*** Extracted entries Section Begins ***

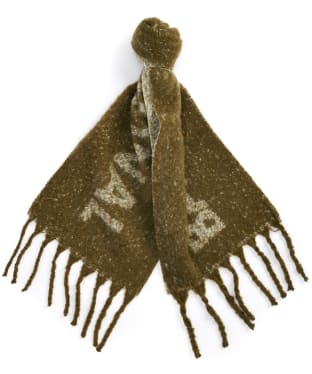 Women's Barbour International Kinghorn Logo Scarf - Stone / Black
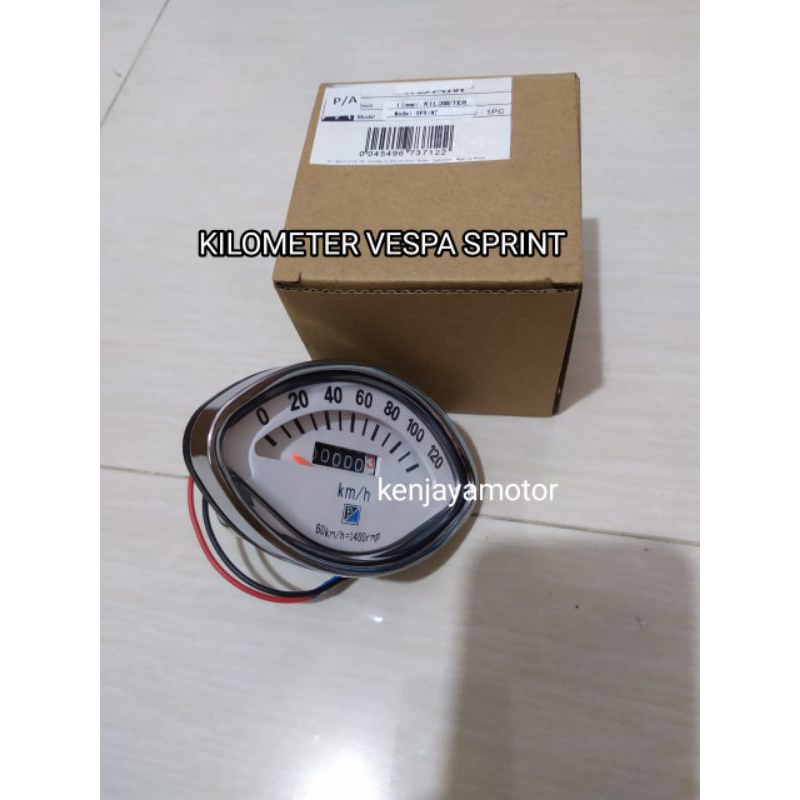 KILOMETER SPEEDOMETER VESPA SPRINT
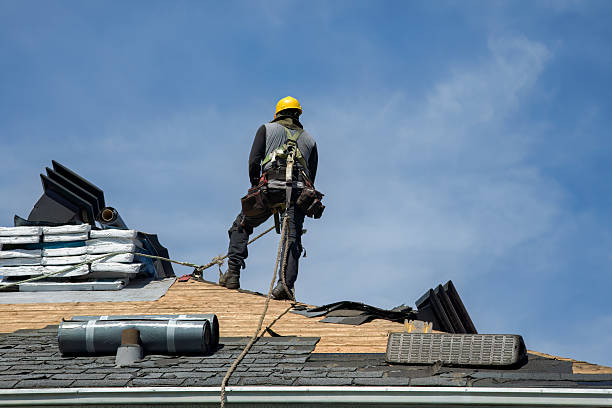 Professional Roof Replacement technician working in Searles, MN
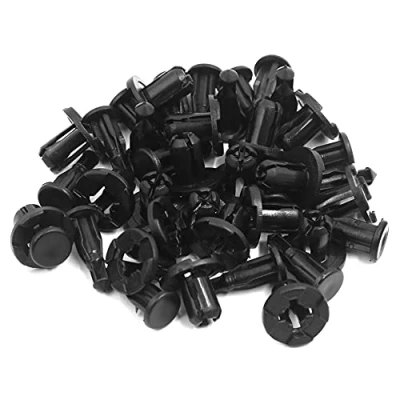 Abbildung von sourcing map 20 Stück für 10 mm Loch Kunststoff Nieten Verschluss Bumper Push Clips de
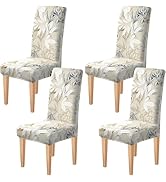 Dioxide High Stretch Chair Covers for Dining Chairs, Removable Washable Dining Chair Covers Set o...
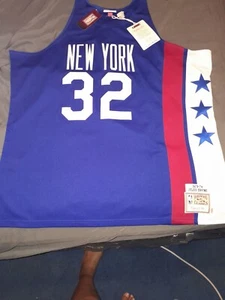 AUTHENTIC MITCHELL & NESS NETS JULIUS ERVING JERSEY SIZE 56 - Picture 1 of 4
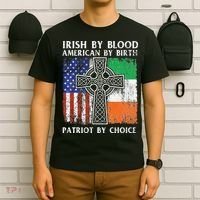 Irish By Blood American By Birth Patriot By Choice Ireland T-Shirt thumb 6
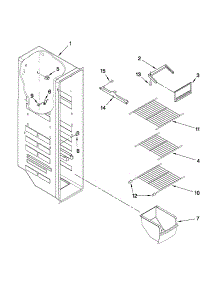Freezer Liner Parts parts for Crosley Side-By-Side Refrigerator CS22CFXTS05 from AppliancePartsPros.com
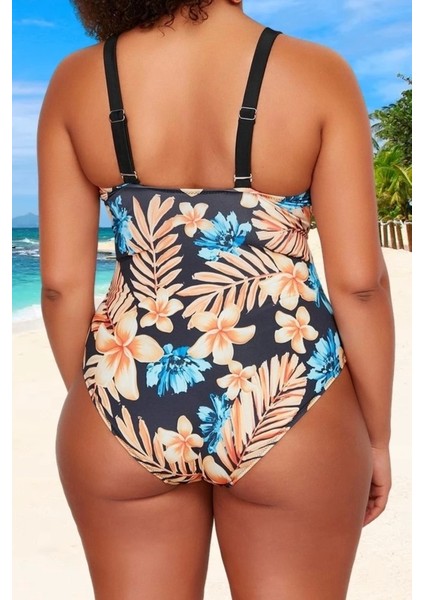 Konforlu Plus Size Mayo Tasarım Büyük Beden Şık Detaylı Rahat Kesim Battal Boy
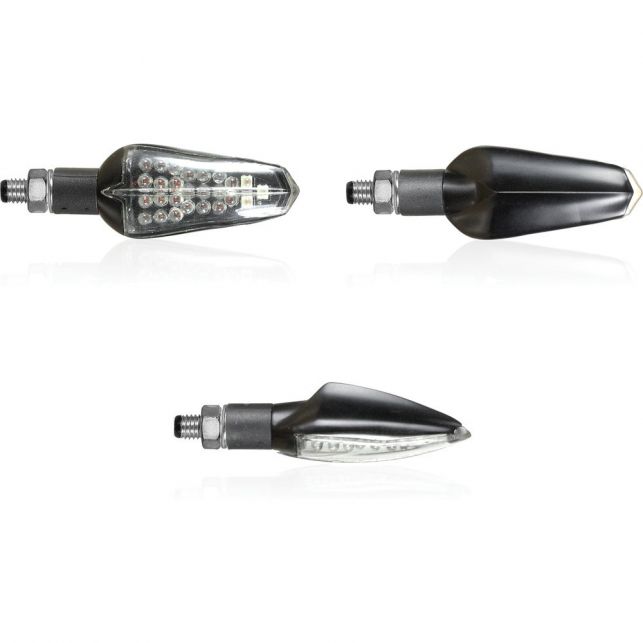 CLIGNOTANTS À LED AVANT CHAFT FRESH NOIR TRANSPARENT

*** Extracted entries Section Ends ***
*** Extracted entries Section Begins ***

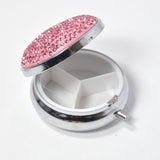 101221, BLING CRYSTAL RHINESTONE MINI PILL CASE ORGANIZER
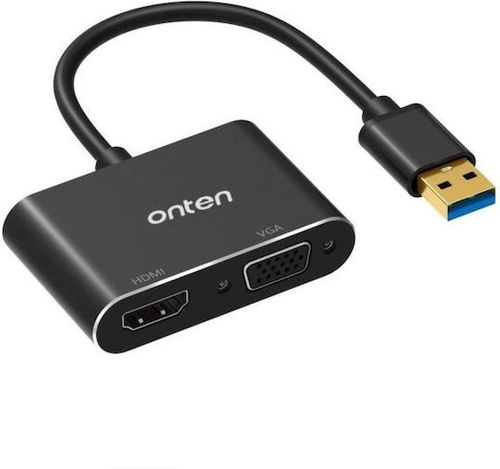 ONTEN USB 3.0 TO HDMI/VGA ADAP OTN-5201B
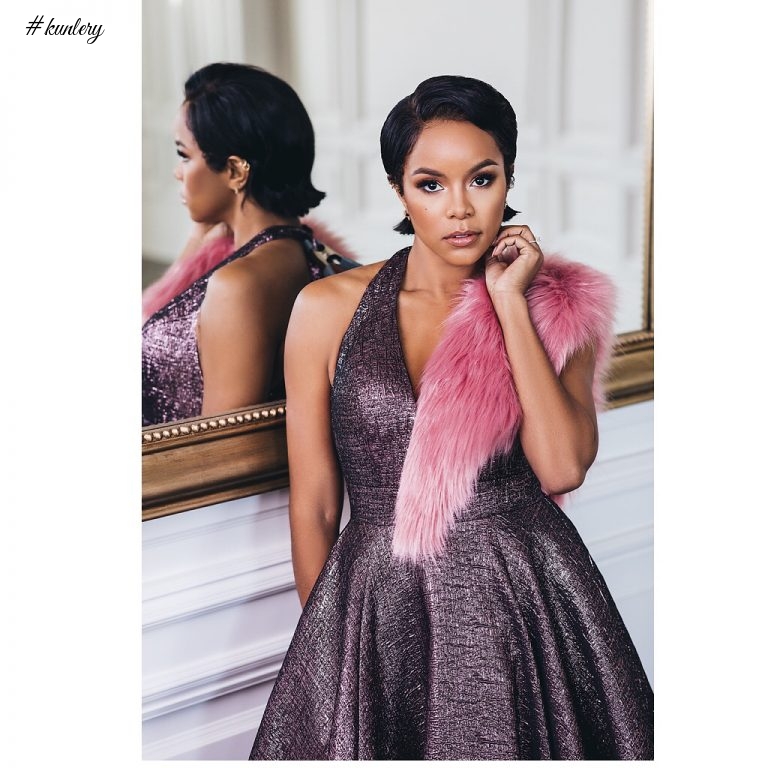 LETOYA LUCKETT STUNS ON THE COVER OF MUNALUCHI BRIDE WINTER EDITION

*** Extracted entries Section Ends ***
*** Extracted entries Section Begins ***

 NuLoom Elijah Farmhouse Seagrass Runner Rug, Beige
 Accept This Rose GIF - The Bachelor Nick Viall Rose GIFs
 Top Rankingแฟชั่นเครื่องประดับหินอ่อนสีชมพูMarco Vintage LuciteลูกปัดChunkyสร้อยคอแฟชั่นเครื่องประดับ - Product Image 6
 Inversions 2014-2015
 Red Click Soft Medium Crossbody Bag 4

*** Extracted entries Section Ends ***

Your goal – Given the listing above, repeat exactly the lines starting at the one with "KILOMETER SPEEDOMETER VESPA SPRINT" and ending at the one with "CLIGNOTANTS À LED", inclusive, excluding pictures.

Exercise solution –
 KILOMETER SPEEDOMETER VESPA SPRINT
 Professional Roof Replacement technician working in Searles, MN
 Abbildung von sourcing map 20 Stück für 10 mm Loch Kunststoff Nieten Verschluss Bumper Push Clips de
 Dioxide High Stretch Chair Covers for Dining Chairs, Removable Washable Dining Chair Covers Set o...
 AUTHENTIC MITCHELL & NESS NETS JULIUS ERVING JERSEY SIZE 56 - Picture 1 of 4
 Irish By Blood American By Birth Patriot By Choice Ireland T-Shirt thumb 6
Freezer Liner Parts parts for Crosley Side-By-Side Refrigerator CS22CFXTS05 from AppliancePartsPros.com
 Konforlu Plus Size Mayo Tasarım Büyük Beden Şık Detaylı Rahat Kesim Battal Boy
 CLIGNOTANTS À LED AVANT CHAFT FRESH NOIR TRANSPARENT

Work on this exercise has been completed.